Y aquí viene la parte más perversa. El gobierno ha anunciado que devolverá el dinero empezando por los que menos invirtieron. La lógica es clara: apagar el incendio con los gritos más estridentes. Restituir pequeñas sumas a miles de personas es eficaz en términos de imagen. Las víctimas mayores, las que pusieron millones, serán las últimas. Y para cuando les toque, ya no quedará casi nada. Pero serán pocos, aislados, fáciles de desacreditar. En una jugada de realismo cínico, el Estado habrá neutralizado la indignación, no con justicia, sino con una operación quirúrgica de gestión emocional. Una especie de populismo reparador que no soluciona nada, pero calma al público.

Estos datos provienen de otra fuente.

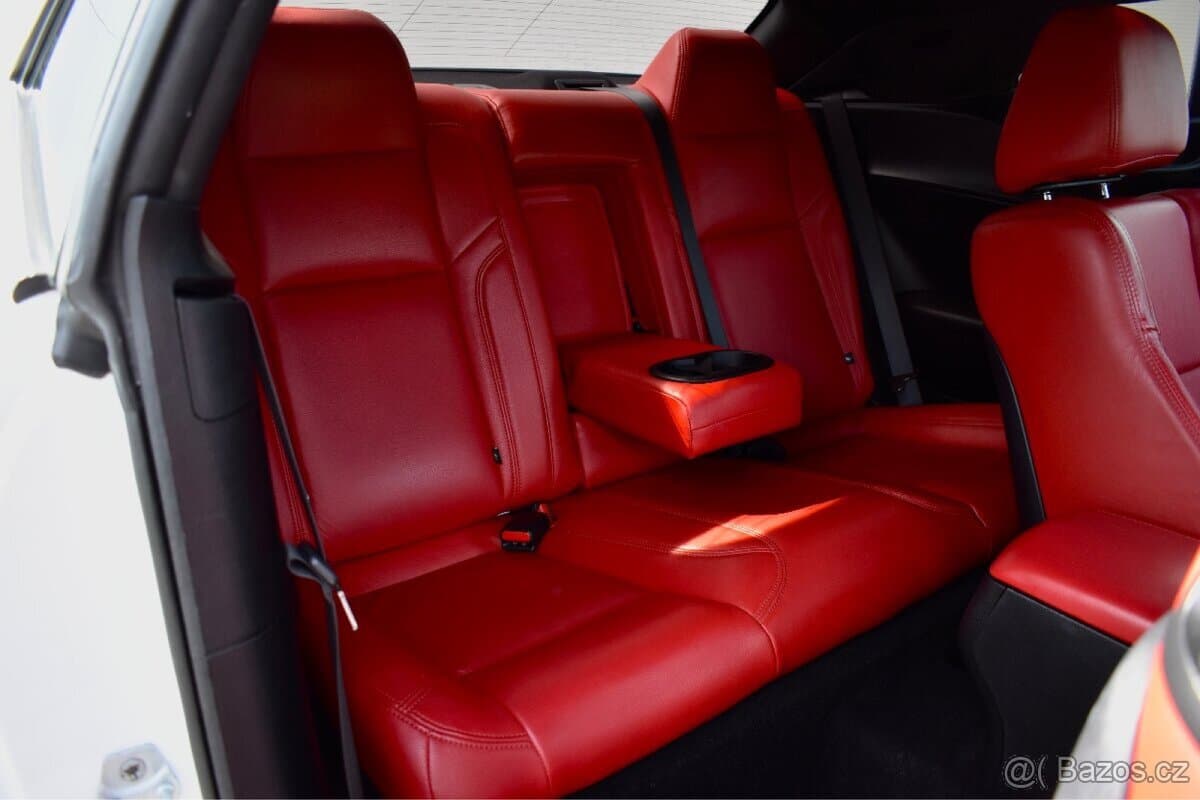 2020 Dodge CHALLENGER - 17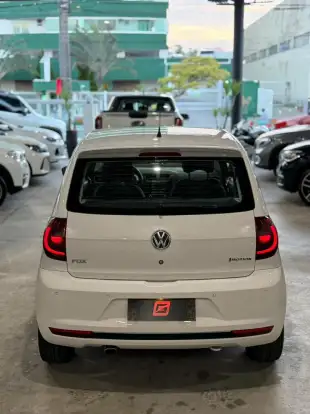 VOLKSWAGEN-FOX-2012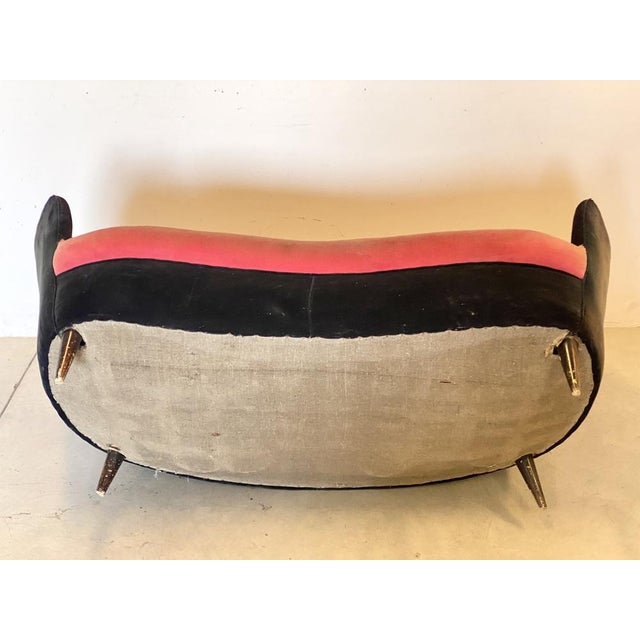Sofa in the style of Gio Ponti, 1950s For Sale - Image 15 of 16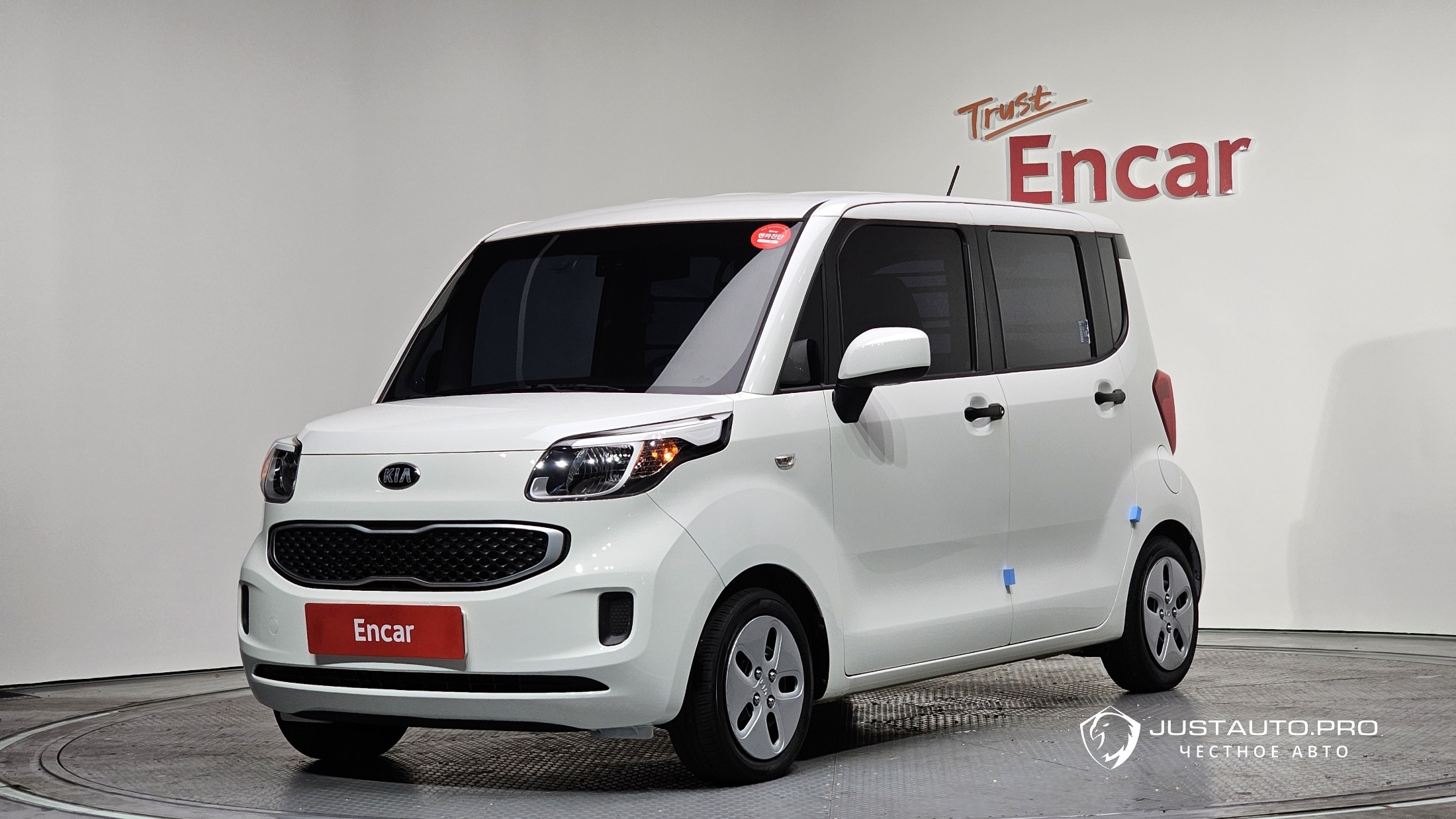 Автомобиль Kia RAY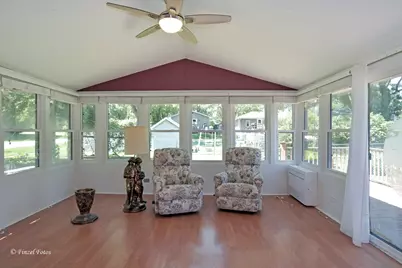 614 N Lillian Street, McHenry, IL 60050 - Photo 8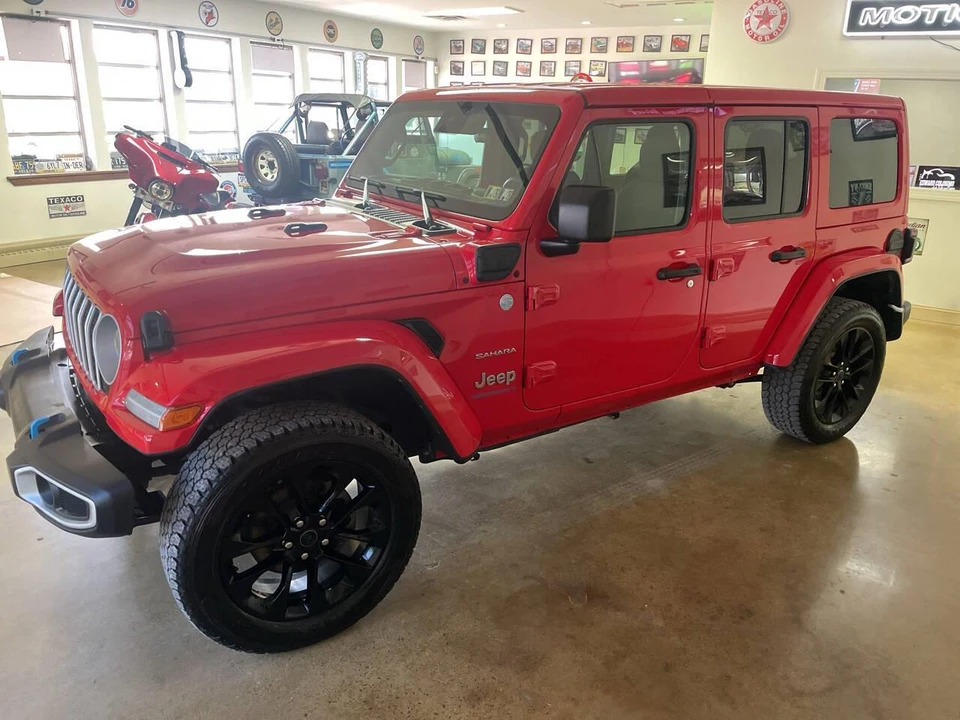 2024 Jeep JL Wrangler - Image 4 of 29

Lo más grave, sin embargo, no es la estafa. Es la arquitectura institucional que permite que estas estafas se multipliquen. El Código Penal, aprobado en 2017 con más trampas que soluciones, eliminó la captación ilegal de fondos como delito penal. Es decir: usted puede inventarse una financiera falsa, prometer rendimientos imposibles, captar millones y, mientras nadie lo denuncie o mientras pague puntualmente, el Estado no le va a molestar. No hay crimen. Y sin crimen, no hay fiscal, no hay juez, no hay cárcel. En Honduras, el fraude dejó de ser un problema legal para convertirse en una cuestión de relaciones públicas.

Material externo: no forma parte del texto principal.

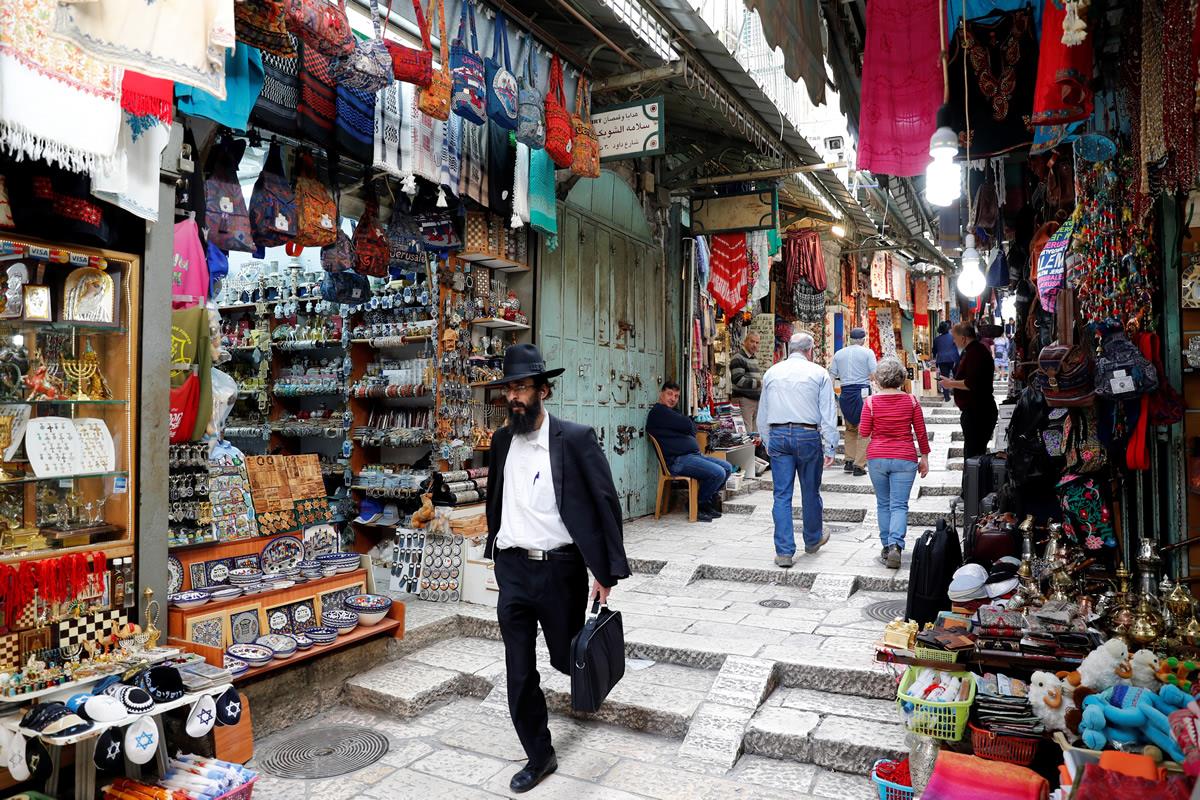 Chiến sự Israel- Hamas gây thiệt hại cho nền kinh tế Israel. Ảnh: Reuters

Y por eso, la respuesta estatal al caso Koriun no debe leerse como un acto de responsabilidad, sino como lo que realmente es: un espectáculo bien montado de administración del silencio. Un número de magia institucional donde se devuelve una parte del dinero, se archiva el escándalo, y se felicita al propio gobierno por haber actuado “con transparencia”.

No hay reformas. No hay procesos judiciales. No hay revisión del marco legal. No hay creación de la Superintendencia de Sociedades. No hay recuperación de los fondos desviados al extranjero. Lo que hay es un gesto superficial de reparación parcial, acompañado de un relato autoindulgente, casi celebratorio.

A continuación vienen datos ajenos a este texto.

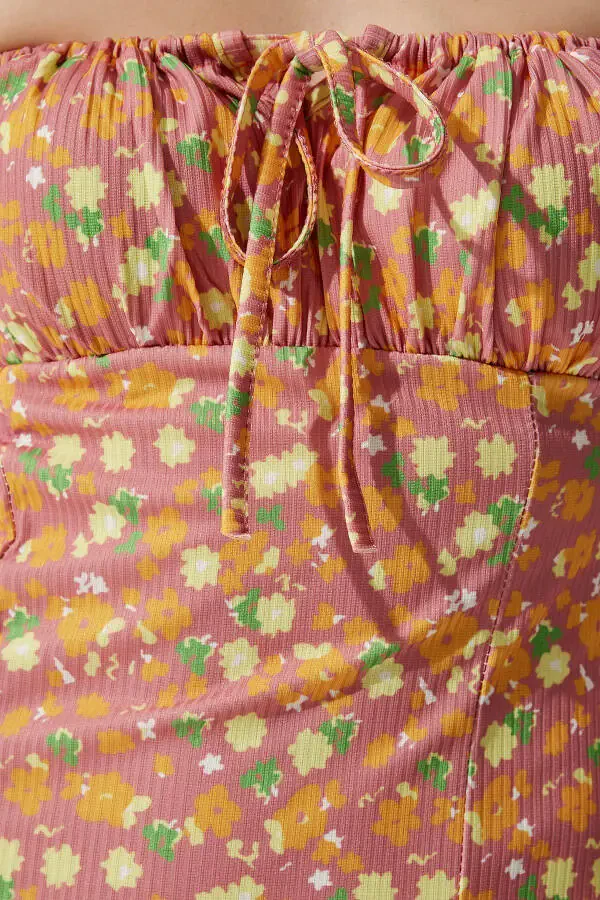 Ayol to'q sariq pushti gulli yirtigli yozgi trikotaj ko'ylak - 5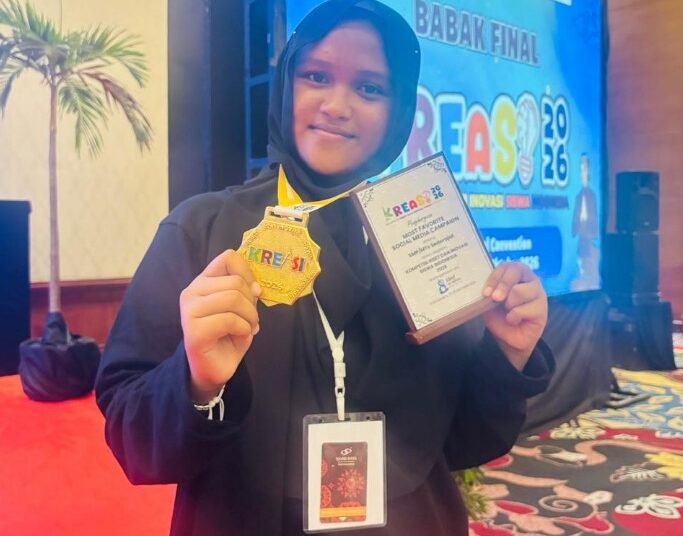 Aisyahana Mazea Idris, siswi madrasah asal Kota Padang, berhasil meraih medali emas dalam Kompetisi Riset dan Inovasi Siswa Indonesia (KREASI) 2026 yang berlangsung di Yogyakarta pada 17–19 Oktober 2026.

Esta es la tragedia hondureña: no la estafa, sino el sistema que la absorbe, la administra y la recicla como una anécdota. Koriun no es un caso aislado. Es un espejo. Un reflejo de cómo la institucionalidad hondureña ha sido diseñada no para proteger al ciudadano, sino para sobrevivir al escándalo. Aquí no se gobierna: se reacciona. No se legisla: se improvisa. No se sanciona: se pacta. Y al final, como siempre, el espectáculo termina en aplausos forzados y víctimas resignadas.

Hoy, el Estado se da palmaditas en la espalda porque logró devolverle dinero a un grupo de personas. Mañana, cuando vuelva a estallar otra pirámide —con otro nombre, otra cara, otra fachada de éxito—, fingirá otra vez que no sabía nada. Y repetirá el acto. El fraude no es el enemigo del sistema. Es parte de él. Solo que, como todo en Honduras, funciona mientras no haga demasiado ruido.